Find Discounted Books
If you are planning on buying a book that you cannot find for free, that doesn’t mean you need to pay full price for it. There are several places where you can get discounted books.
- Ebay – This is probably an obvious one. In most cases, you can find what you’re looking for. In my own experience, Ebay is best for people looking for a specific edition of a book, old books that are currently out of print, or entire book series.
- Amazon – Amazon offers used books at a discount. When you go to the page of the book you’re looking for, under the normal Amazon buttons, you’ll also see the availability of used books.
- Amazon Kindle Deals – Every day, Amazon offers hundreds of ebooks for as low as $0.99. Even if you don’t have a Kindle (which you really should, because they’re very handy), you can download the Kindle app to your phone or computer, and still read these ebooks.
- Book Outlet – I’m a tiny bit obsessed with Book Outlet, another website I found through my favorite booktube channel, A Clockwork Reader. I’ve mentioned Book Outlet before, but let’s run through the main points again: Book Outlet has a constantly rotating stock of books, so if you see something you really want, you might want to go ahead and get it. The books are heavily discounted – I’ve gotten books for as little as $2! I’ve also heard they do a Black Friday sale, which I very much hope is true.
- Thrift Books – Much like Book Outlet, this is an online discount bookshop.
- AbeBooks – I believe it was my father who introduced me to this website originally, but over time I’ve known a few people who used it successfully to get used textbooks.
- Half Price Books – Yet another discount book website. Hopefully, with this many options, you’ll be able to find that book you really want to read!

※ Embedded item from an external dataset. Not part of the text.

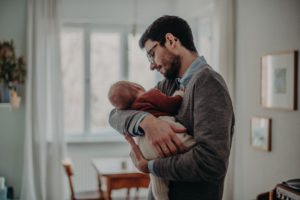 Neugeborenenfoto von Vater mit seinem Baby auf dem Arm entstanden bei Babyfotoshooting Zuhause in Freiburg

- Humble Bundle – This website offers rotating selections of ebooks and games. The thing that makes this website special is that it is “pay what you want,” with 3 tiers that get you a new set of books. A part of what you buy also goes to charity, so you can do something good while buying books that you want. Right now, they have four book bundles you can choose from:
- Thrift Shops & Second-hand Bookstores – I have scored some amazing books at second-hand shops, like this recent haul I got from Goodwill. While it does require a little more work to find the gems, usually in the form of hours of digging through stacks of old books, it’s definitely worth it.

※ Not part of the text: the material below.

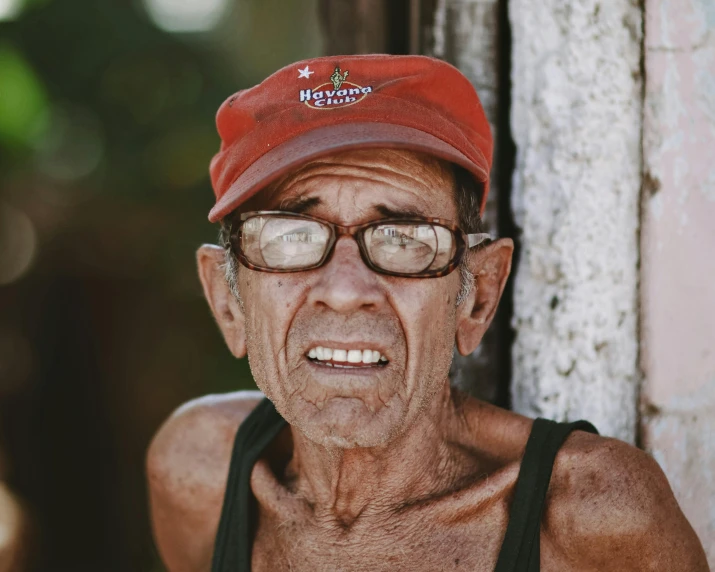 an old man wearing glasses and a hat smiles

- Yard, Garage, and Estate Sales – I love going to yard sales, and every time I go I end up with at least an armful of books, if not a whole trunk full. The best part of yard sale shopping is that sometimes you can haggle for a lower price – think an entire box of books for $5.
Those are some of my best ideas for finding cheap or free books. Did I leave anything out? What are your methods for reading cheap?